1941年12月,国民党五届九中全会如期召开。军事委员会参谋长何应钦作了关于共产党问题的报告,通过了《对共产党处理问题》和《关于党务推进的根本方针》。生完第三个孩子还未满月的沈安娜,不能参加会议速记,主动协助科长整理抄写材料,获悉会议全部内容;为了寻找已由大会秘书处润色定稿的正式油印件,她又去了印刷股,趁乱从等待销毁的文件中抽取早已看中的文件。由此,在没能担任会议速记的情况下,沈安娜依然获得了会议的全部重要情报,她笑称“那是个艰难而有收获的季节”!
按住蒋介石“脉搏”
1942年8月,直接联络人徐仲航被国民党抓获,党组织为防敌人“放长线,钓大鱼”,临时中断了与沈安娜的联系。直到抗日战争胜利后,吴克坚遵照周恩来和李克农的指示,到国统区开展情报工作,凭着记忆走到沈安娜住处,指示沈安娜重点搜集国民党有关国共和谈的内部考虑及反共部署。

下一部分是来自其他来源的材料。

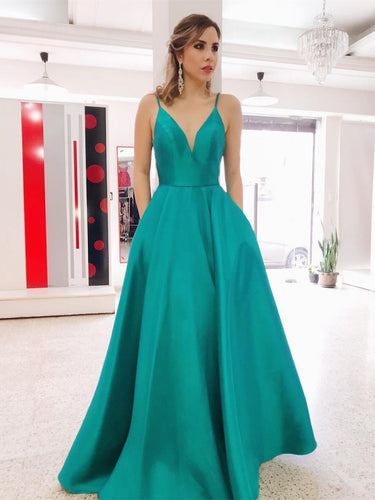 Gorgeous Satin A-line prom Dresses Spaghetti Straps Gowns PD327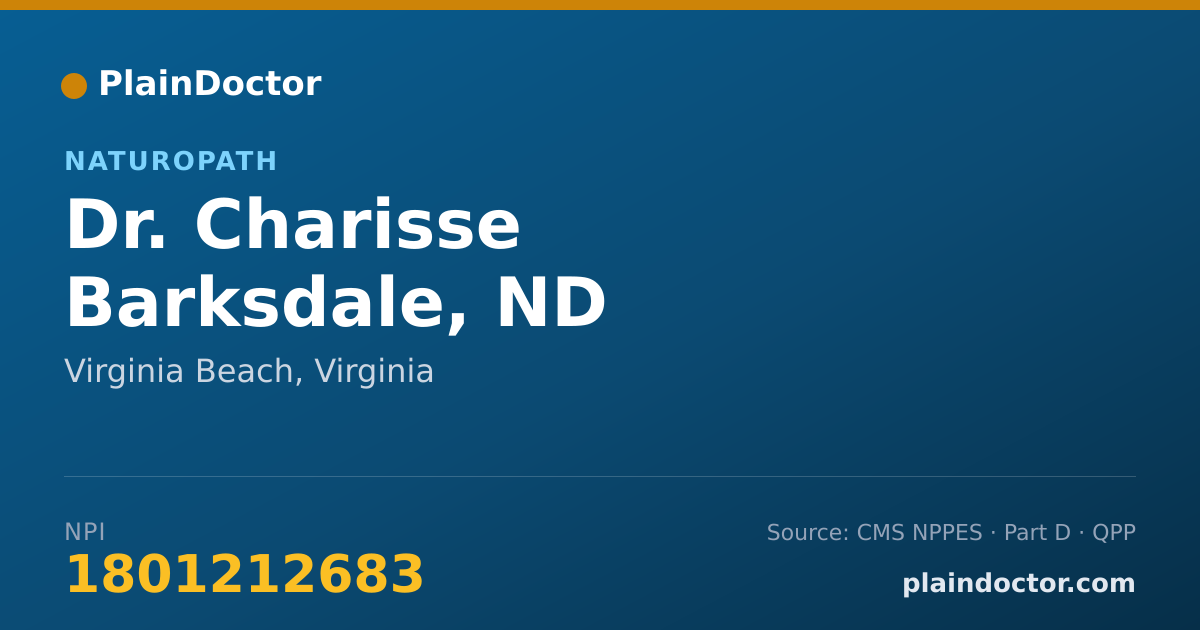 Shareable card for Charisse Barksdale, ND - Naturopath, Virginia Beach, VA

1946年1月,旧政协在国民政府礼堂召开。国民党政协委员每晚秘密召开党团会策划如何对付共产党,决定攻守要点,确定谁唱红脸谁唱白脸。沈安娜不管多累多苦,坚持担任会议速记。每晚回到家已是深夜,她顾不上吃饭,急忙将速记符号整理成文字,一式抄两份,一份准备第二天上交机要处,一份由华明之立即密写密藏,连夜上交党组织,帮助中共代表团及时知晓国民党的底牌。第二天政协会上,国民党委员刚说完,就被中共委员列举大量事实予以回击,没几个回合就败下阵来。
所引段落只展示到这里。